FSDP (Fully-Sharded Data Parallel)

By default, when training on multiple GPUs, DataDreamer uses PyTorch’s new FSDP (Fully-Sharded Data Parallel) implementation. It is useful for training large models that don’t fit on a single GPU. FSDP shards the model parameters across all GPUs and only loads a partial slice of the model on each GPU. This allows you to train models that are larger than the memory of a single GPU.

Your effective batch size is the batch_size you supply multiplied by the number of GPUs as each GPU will process a batch independently and perform a synchronized weight update at the end.

DDP (Distributed Data Parallel)

In Distributed Data Parallel, your model is not sharded across multiple GPUs. Instead, each GPU has a full copy of the model. This means that your model must fit on a single GPU. DDP is primarily useful for scaling up the effective batch size during training and can help train models faster, but is not useful for training models that don’t fit on a single GPU. DDP is not used by default by DataDreamer. If you want to use DDP instead, you can pass fsdp=False to Trainer at construction. This will disable FSDP and switch to DDP.

Your effective batch size is the batch_size you supply multiplied by the number of GPUs as each GPU will process a batch independently and perform a synchronized weight update at the end.

Monitoring GPU Memory Usage#

You can easily monitor the GPU memory usage of your final multi-GPU training setup by passing the verbose parameter to Trainer at construction. This will log device memory usage at the beginning and end of training and after each epoch.

Multi-Node Multi-GPU Training#

If you want to train on multiple nodes (servers or machines) each with multiple GPUs, you can do so by running the same DataDreamer training script on each node and passing a dictionary to the distributed_config parameter of Trainer. It should look like:

{
    "master_addr": "<IP address of master node>",
    "master_port": "<free and accessible port on master node>",
    "nnodes": total_number_of_nodes_in_cluster,
    "node_rank": the_rank_of_this_node_in_the_cluster,
}
Setting up distributed_config and device on each node

Important

You should run the same DataDreamer training script on each node. The only difference should be the node_rank in the distributed_config parameter and device parameter passed to Trainer at construction.

The master_addr should be the IP address of the master node amongst all of your nodes.

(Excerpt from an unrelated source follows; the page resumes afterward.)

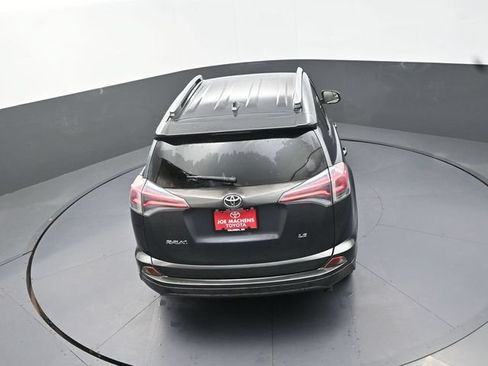Used 2016 Toyota RAV4 LE FWD image 27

This is also the only node that should log and save the model to disk and continue execution after training is complete, the rest of the nodes will exit after training is complete. The master_port should be a free port on the master node that will be used for communication between the nodes and the master node. The nnodes should be the total number of nodes in the cluster. On each node, the node_rank in the distributed_config config should be different (to specify which # node it is out of the nnodes total nodes).

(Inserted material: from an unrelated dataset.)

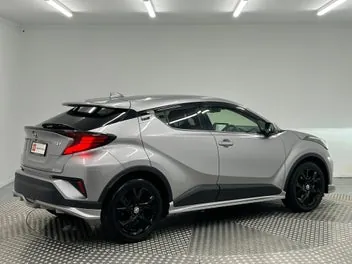 Toyota C-Hr 2021 photo 4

For each node, you should pass a list of GPUs to the device parameter of Trainer at construction that contains all of the GPUs on the current node that you wish to utilize.

Tip

If you are training on a dataset that is the output of steps in your DataDreamer session, all of those steps must execute on each node. If you want to only compute these steps once, you can compute them on the master node and then copy the output folder of the DataDreamer session to the other nodes before training. This will ensure the other nodes don’t recompute these steps and instead load the cached outputs from disk.